The book spurred his desire to become well and he traveled to Damany Center for Chronic Pain and Holistic Well-Being in Allentown with hope.
“That was when I met someone who really understood what was wrong,” Fitzpatrick said.
Fitzpatrick said his muscles were in constant spasm and pinching nerves. “They weren’t getting [essential] blood flow” to heal, he admitted.
Damany blends a mixture of eastern and western medicine having trained in the U.S. and India. She treats patients in her Allentown office, but has a unique approach allowing her to use the Internet – to treat and work with patients around the world.
“What I’m sure of, at this point, is that my patients have typically been to several doctors, and have tried several “conventional” therapies in an attempt to get their lives back, to no avail,” Damany said.

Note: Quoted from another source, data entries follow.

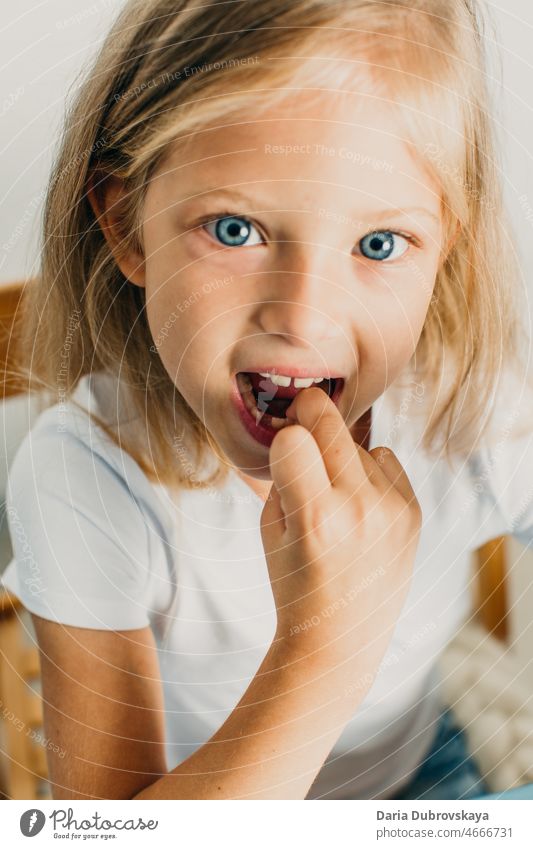 7 Jahre altes blondes Mädchen mit blauen Augen Milchzahn Lächeln mündlich Zahnmedizin Finger wenig Glück Kind Kindheit Gesicht Hintergrund jung Kaukasier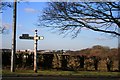 Signpost on the A523 in Poynton West and Adlington Ward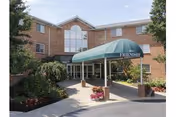 Front entrance of a three-story brick senior living building with a green canopy, driveway, and landscaped flowerbeds.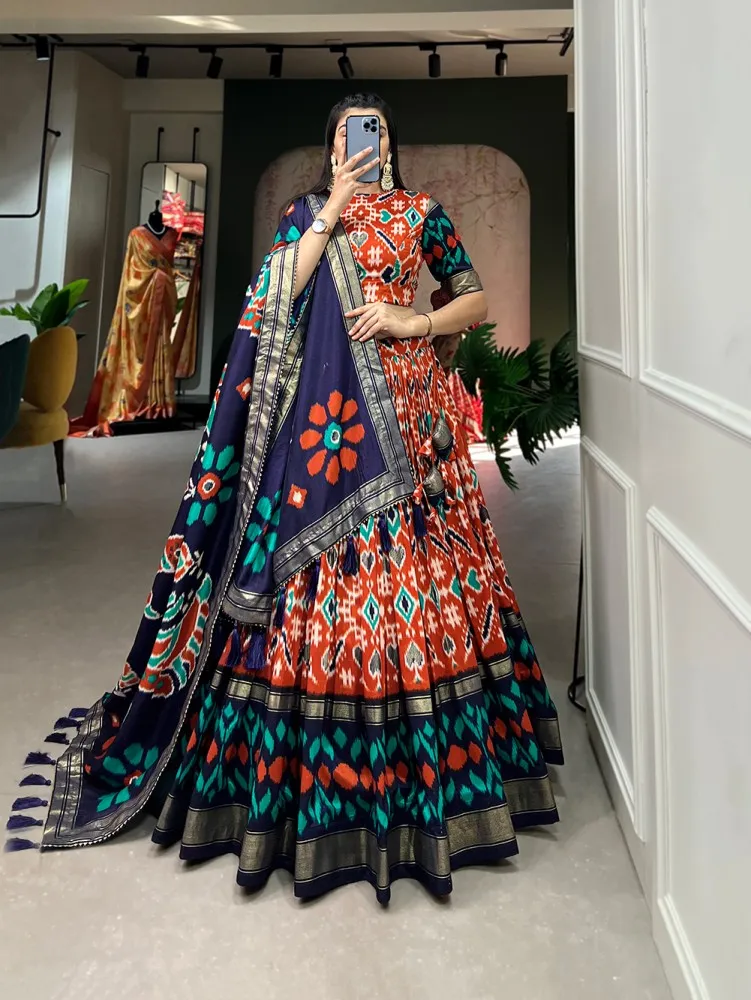 Lehenga Choli For Womens And Girls Tussar Silk Fabric With Orange Color Patola Print With Foil work Speciel Events Chaniya Choli Set.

Phone and Skype sessions are trailblazing a method for helping those suffering from chronic or constant pain.
Her one-on-one approach to patient care yields dramatic results because it’s completely unique and tailored to the patient – no one else.
“She spends time with me and provides a specific set of exercises. She found tight spots in my muscles and around my nerves, and treated me holistically. Everything she said was right,” Fitzpatrick explained.
Only after five months of treatment at the Damany Center, “I began strengthening,” Fitzpatrick said.
Part of the Damany program includes postural alignment, assessment of and correcting how the body is used, as well as the function and dynamics of the workspace.
“Healing” is the keyword here, not just ‘band-aid’ fixing or ‘managing’ the pain,” Damany said.